PROBLEM DETAILS> Reproduce the complete set of records exactly. No picture is to appear in the copy.

[Data entries]
== Segment start ==

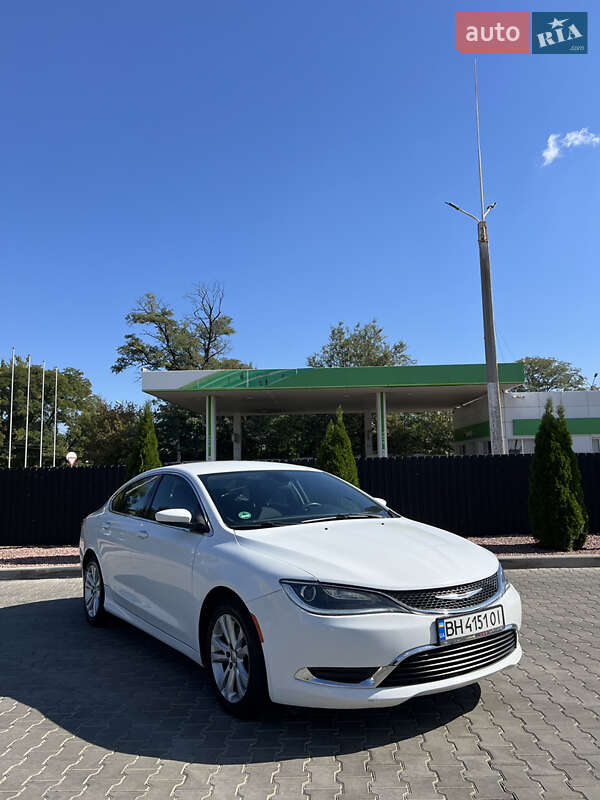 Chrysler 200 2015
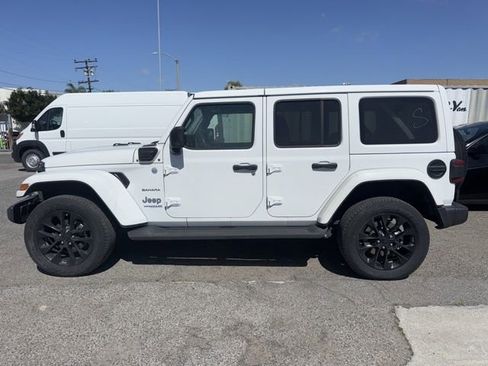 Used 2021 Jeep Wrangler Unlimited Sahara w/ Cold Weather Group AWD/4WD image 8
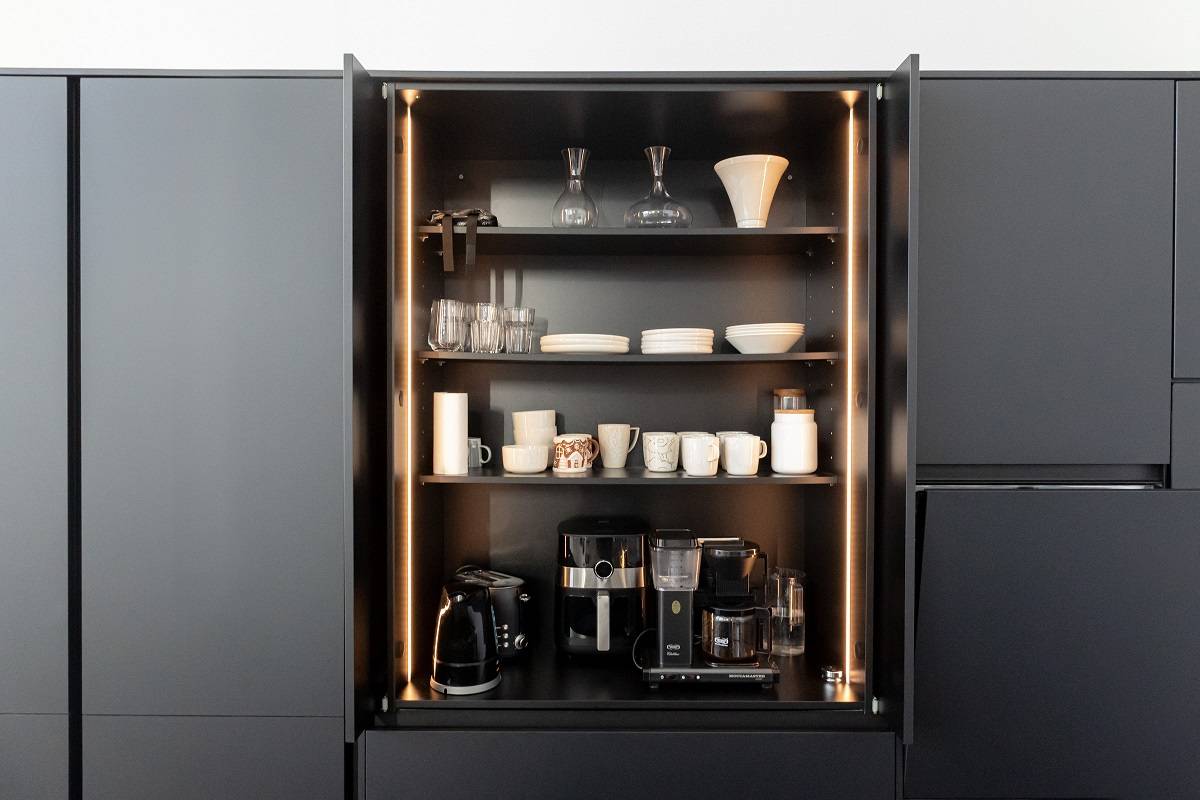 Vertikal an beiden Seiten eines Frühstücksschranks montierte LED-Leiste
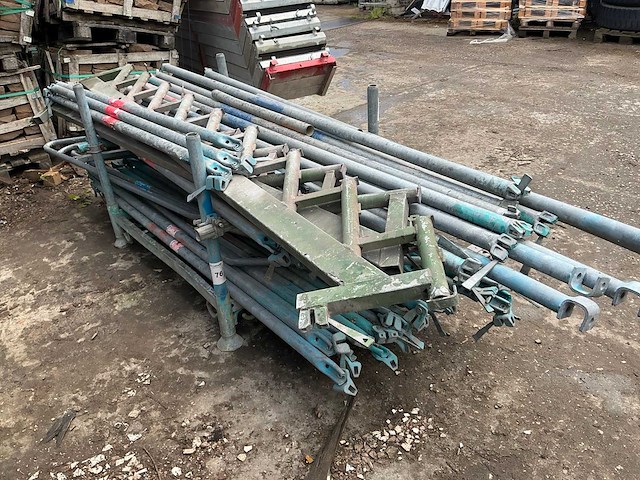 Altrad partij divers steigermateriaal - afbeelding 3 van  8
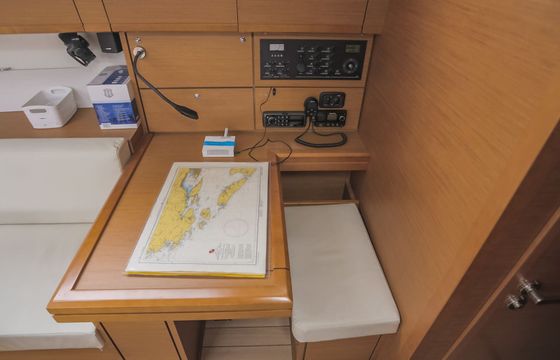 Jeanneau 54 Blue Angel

== Segment end ==

REPLY>
 Chrysler 200 2015
 Used 2021 Jeep Wrangler Unlimited Sahara w/ Cold Weather Group AWD/4WD image 8
 Vertikal an beiden Seiten eines Frühstücksschranks montierte LED-Leiste
 Altrad partij divers steigermateriaal - afbeelding 3 van  8
 Jeanneau 54 Blue Angel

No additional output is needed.